## Requirement
Please output the data exactly, without omitting anything.

--- START ---

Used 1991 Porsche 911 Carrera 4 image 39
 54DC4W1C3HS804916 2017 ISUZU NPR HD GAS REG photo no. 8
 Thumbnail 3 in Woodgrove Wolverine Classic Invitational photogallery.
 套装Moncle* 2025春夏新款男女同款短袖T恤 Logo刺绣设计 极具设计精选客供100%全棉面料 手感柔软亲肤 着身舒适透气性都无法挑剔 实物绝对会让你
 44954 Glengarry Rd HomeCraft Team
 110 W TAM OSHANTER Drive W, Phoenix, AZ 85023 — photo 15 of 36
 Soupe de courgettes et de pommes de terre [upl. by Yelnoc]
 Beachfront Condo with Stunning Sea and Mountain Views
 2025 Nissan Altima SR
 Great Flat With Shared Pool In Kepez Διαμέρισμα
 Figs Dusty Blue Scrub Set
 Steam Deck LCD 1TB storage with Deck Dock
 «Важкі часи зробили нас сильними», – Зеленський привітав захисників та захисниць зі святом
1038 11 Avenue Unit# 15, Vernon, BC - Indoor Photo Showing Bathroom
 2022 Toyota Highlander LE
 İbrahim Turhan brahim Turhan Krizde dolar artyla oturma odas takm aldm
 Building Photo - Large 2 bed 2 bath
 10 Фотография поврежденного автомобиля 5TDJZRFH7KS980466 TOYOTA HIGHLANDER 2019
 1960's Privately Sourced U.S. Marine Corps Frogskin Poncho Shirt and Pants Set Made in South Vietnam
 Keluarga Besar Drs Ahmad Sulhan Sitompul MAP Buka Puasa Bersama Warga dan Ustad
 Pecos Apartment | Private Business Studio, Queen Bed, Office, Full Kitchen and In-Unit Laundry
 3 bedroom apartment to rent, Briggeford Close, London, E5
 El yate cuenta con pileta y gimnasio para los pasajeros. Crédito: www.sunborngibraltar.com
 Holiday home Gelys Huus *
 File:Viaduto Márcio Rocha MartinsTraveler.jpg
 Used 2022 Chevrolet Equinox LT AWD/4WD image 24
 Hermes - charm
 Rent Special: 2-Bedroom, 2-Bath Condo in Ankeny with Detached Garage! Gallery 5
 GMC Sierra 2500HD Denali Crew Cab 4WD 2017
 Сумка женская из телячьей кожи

--- END ---

## Answer to this task
Used 1991 Porsche 911 Carrera 4 image 39
 54DC4W1C3HS804916 2017 ISUZU NPR HD GAS REG photo no. 8
 Thumbnail 3 in Woodgrove Wolverine Classic Invitational photogallery.
 套装Moncle* 2025春夏新款男女同款短袖T恤 Logo刺绣设计 极具设计精选客供100%全棉面料 手感柔软亲肤 着身舒适透气性都无法挑剔 实物绝对会让你
 44954 Glengarry Rd HomeCraft Team
 110 W TAM OSHANTER Drive W, Phoenix, AZ 85023 — photo 15 of 36
 Soupe de courgettes et de pommes de terre [upl. by Yelnoc]
 Beachfront Condo with Stunning Sea and Mountain Views
 2025 Nissan Altima SR
 Great Flat With Shared Pool In Kepez Διαμέρισμα
 Figs Dusty Blue Scrub Set
 Steam Deck LCD 1TB storage with Deck Dock
 «Важкі часи зробили нас сильними», – Зеленський привітав захисників та захисниць зі святом
1038 11 Avenue Unit# 15, Vernon, BC - Indoor Photo Showing Bathroom
 2022 Toyota Highlander LE
 İbrahim Turhan brahim Turhan Krizde dolar artyla oturma odas takm aldm
 Building Photo - Large 2 bed 2 bath
 10 Фотография поврежденного автомобиля 5TDJZRFH7KS980466 TOYOTA HIGHLANDER 2019
 1960's Privately Sourced U.S. Marine Corps Frogskin Poncho Shirt and Pants Set Made in South Vietnam
 Keluarga Besar Drs Ahmad Sulhan Sitompul MAP Buka Puasa Bersama Warga dan Ustad
 Pecos Apartment | Private Business Studio, Queen Bed, Office, Full Kitchen and In-Unit Laundry
 3 bedroom apartment to rent, Briggeford Close, London, E5
 El yate cuenta con pileta y gimnasio para los pasajeros. Crédito: www.sunborngibraltar.com
 Holiday home Gelys Huus *
 File:Viaduto Márcio Rocha MartinsTraveler.jpg
 Used 2022 Chevrolet Equinox LT AWD/4WD image 24
 Hermes - charm
 Rent Special: 2-Bedroom, 2-Bath Condo in Ankeny with Detached Garage! Gallery 5
 GMC Sierra 2500HD Denali Crew Cab 4WD 2017
 Сумка женская из телячьей кожи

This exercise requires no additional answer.